The term jack-in-the-box is derived from the name Jack used to mean "person", (Note: Somewhat akin to the modern term "guy".) and was also previously used for a type of swindler.

A theory as to the origin of the jack-in-the-box is that it comes from the 14th-century English prelate Sir John Schorne, who is often pictured holding a boot with a devil in it. According to folklore, he once cast the devil into a boot to protect the village of North Marston in Buckinghamshire. In French, a jack-in-the-box is called a "diable en boîte" (literally "devil in a box"). The phrase jack-in-the-box was first seen used in literature by John Foxe, in his book Actes and Monuments, first published in 1563. There he used the term as an insult to describe a swindler who would cheat tradesmen by selling them empty boxes instead of what they actually purchased.

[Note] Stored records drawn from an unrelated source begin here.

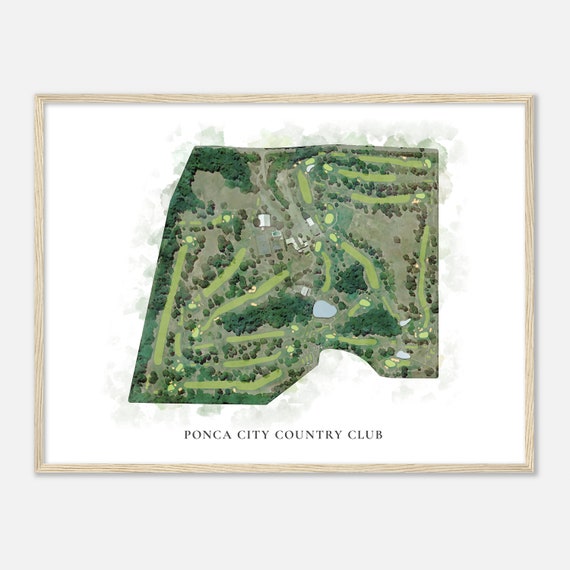 Ponca City Country Club Oklahoma Classic Watercolor Map Golfer Gift Golf Wall Art Golf Poster Print Course Layout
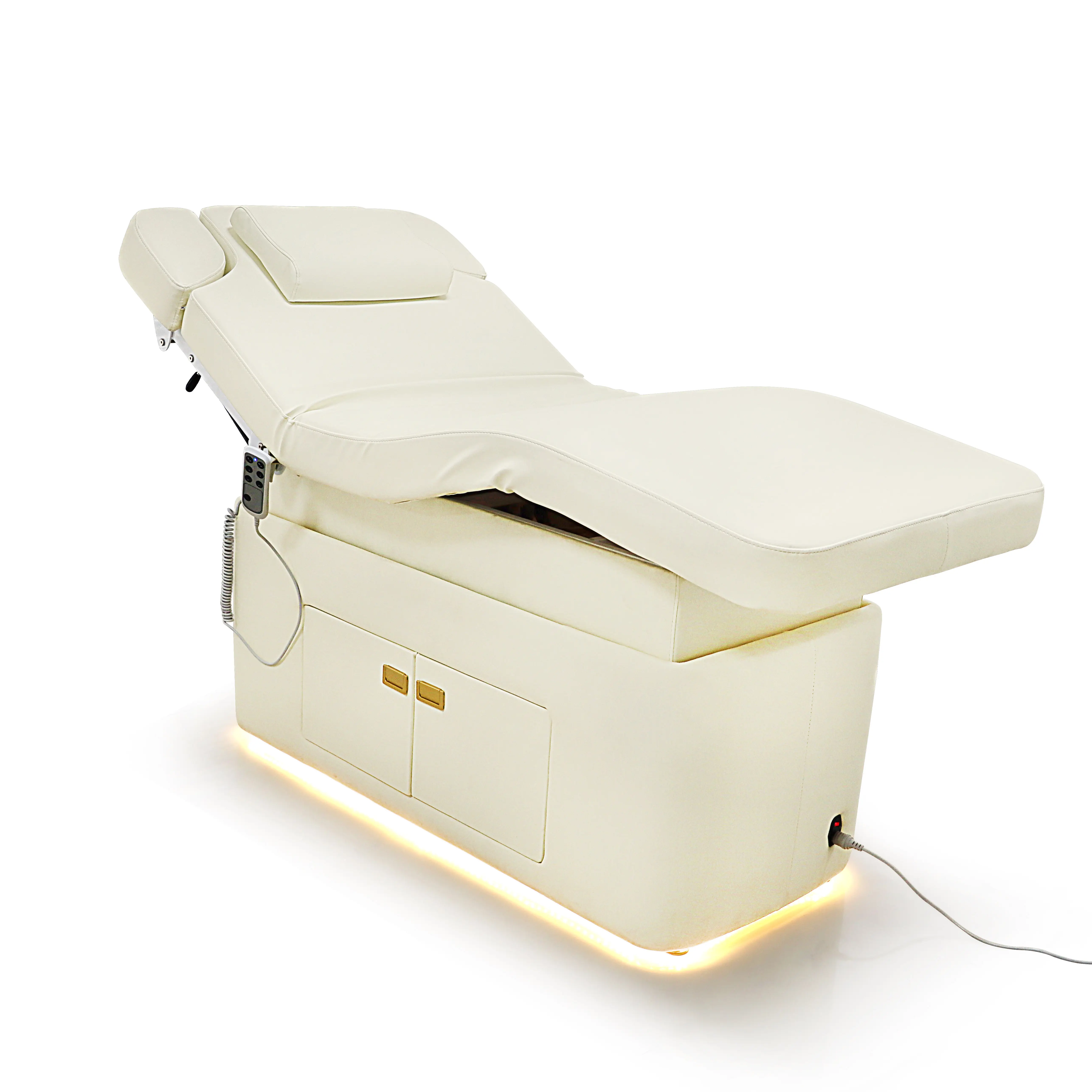 Aquecimento Cama Facial Elétrica Com Gabinete Cadeira De Beleza Mobiliário De Salão 4 Motor Lash Bed LED Light Spa Bed Mesa De Massagem
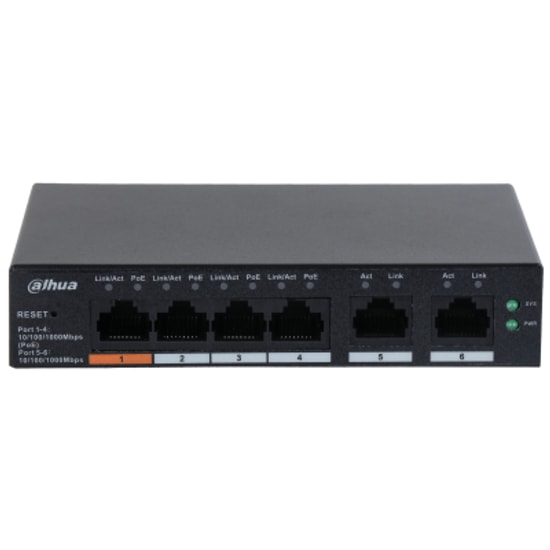 Dahua CS4006-4GT-60 Bulut Yönetilebilir Gigabit PoE Switch - 4 Port 1000Mbps PoE, 2 Port Uplink, 60W, Katman 2, Masaüstü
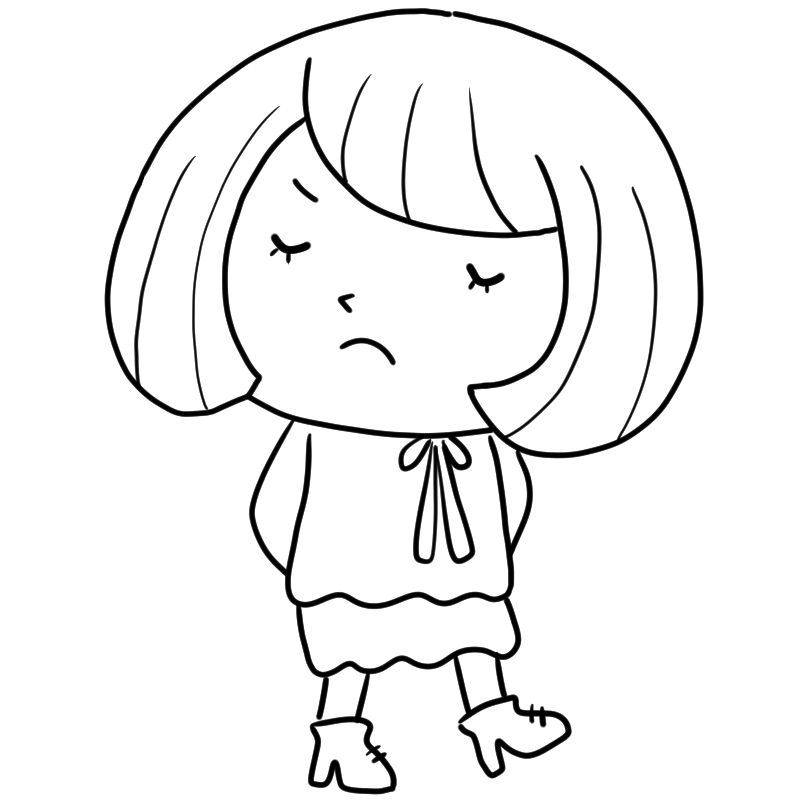 怒るボブのゆるふわ女子のかわいいぬり絵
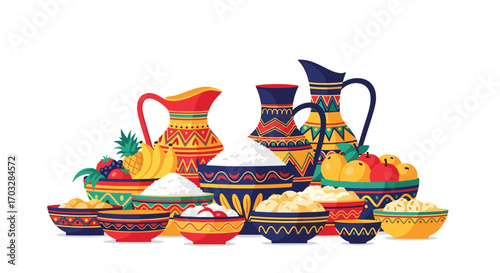 Vibrant collection of hand-painted ceramic pottery filled with delicious foods and fruits for a festive celebration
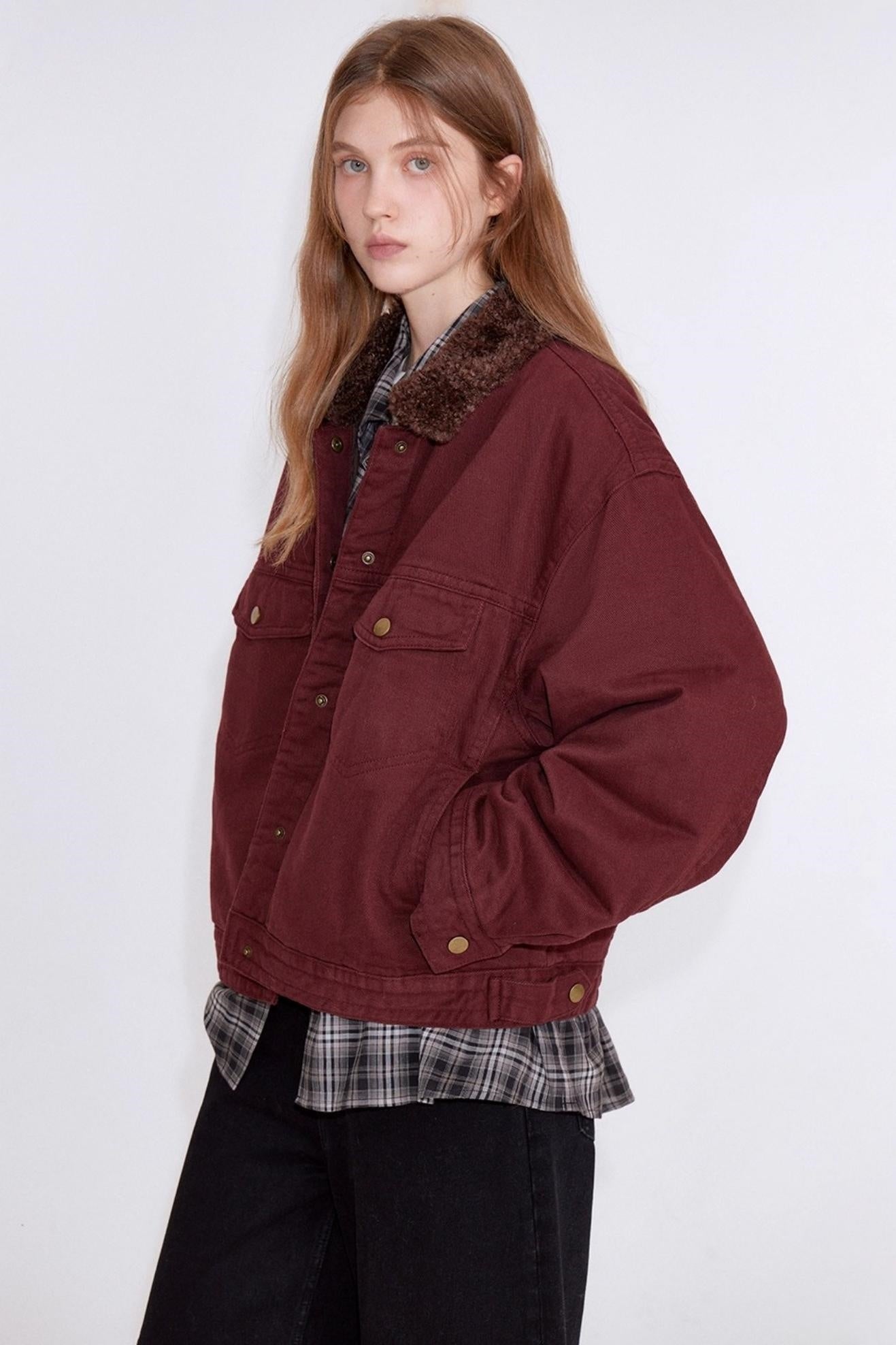 Cherry Vintage Red Cotton Jacket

It also featured in the Chronicle of the Greyfriars of London in 1547 where it was noted as being used pejoratively to refer to the real presence of Christ in the Eucharist:

Also this same tyme was moche spekyng agayne the sacrament of the auter, that some callyd it Jacke of the boxe, with divers other shamfulle names

== History ==
In the early 1500s, the first jack-in-the-box was made by a German clockmaker known as Claus. Claus built a wooden box, with metal edges and a handle that would pop out an animated devil or "Jack" after cranking the handle. It was built as a gift for a local prince's fifth birthday. After seeing this toy, other nobles requested their own "Devils-in-a-box" for their children.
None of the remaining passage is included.